→ Data for this task:

*** Block opens ***

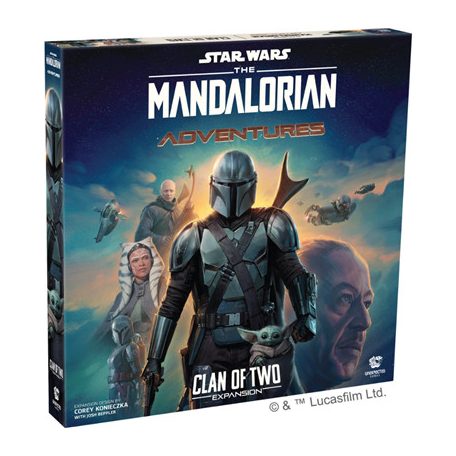The Mandalorian: Adventures - Clan of Two Expansion - EN-UG06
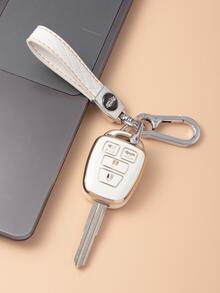 3入組車鑰匙殼帶鑰匙圈 - 彩色 - 查看 7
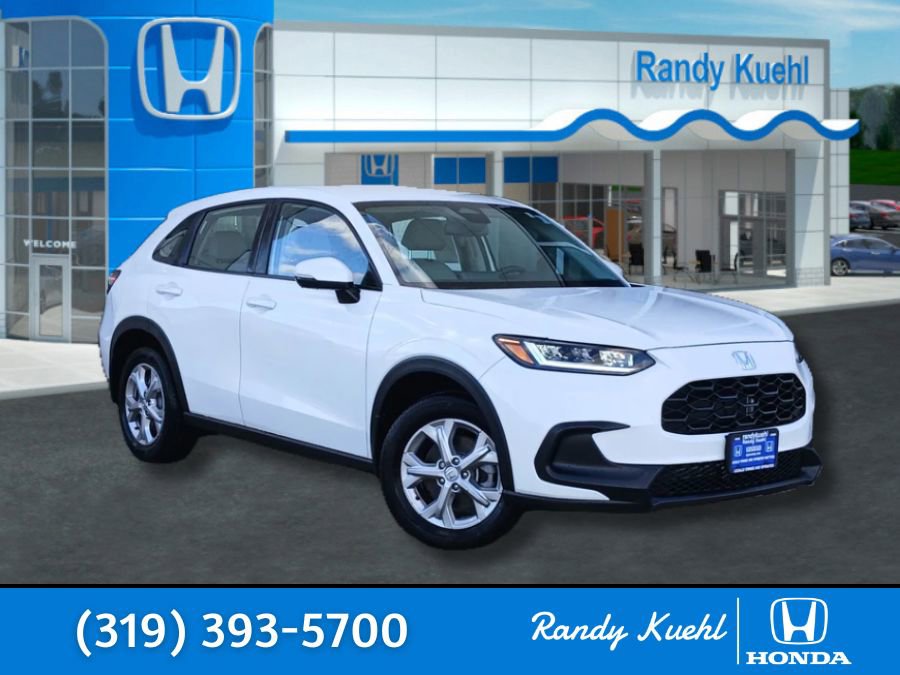 Used 2025 Honda HR-V LX image 1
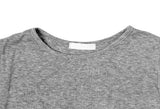 オビンカラースリムタンクトップTシャツセット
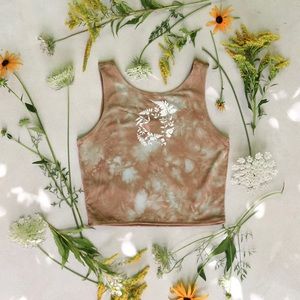 NWOT Purusha People Idyllic Top
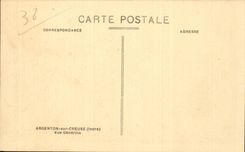 Argenton sur Creuse - Vue Generale - CPA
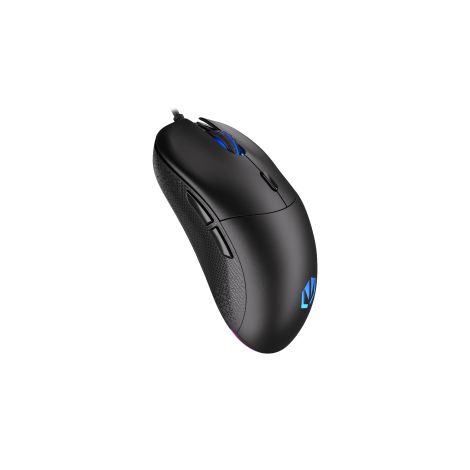 Endorfy Gem Plus/Herná/Optická/Pre pravákov/19 000 DPI/Drôtové USB-A/Čierna EY6A005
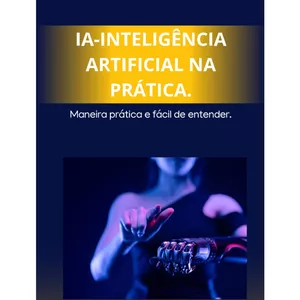 Imagem de capa para o Ebook INTELIGENCIA ARTIFICIAL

*** Block closes ***

→ Task statement: After locating the line with "NWOT Purusha People Idyllic Top" in the listing above, transcribe it and every line after it to the last, exactly, with no pictures.

→ Response below:
 NWOT Purusha People Idyllic Top
 Argenton sur Creuse - Vue Generale - CPA
 Endorfy Gem Plus/Herná/Optická/Pre pravákov/19 000 DPI/Drôtové USB-A/Čierna EY6A005
 Imagem de capa para o Ebook INTELIGENCIA ARTIFICIAL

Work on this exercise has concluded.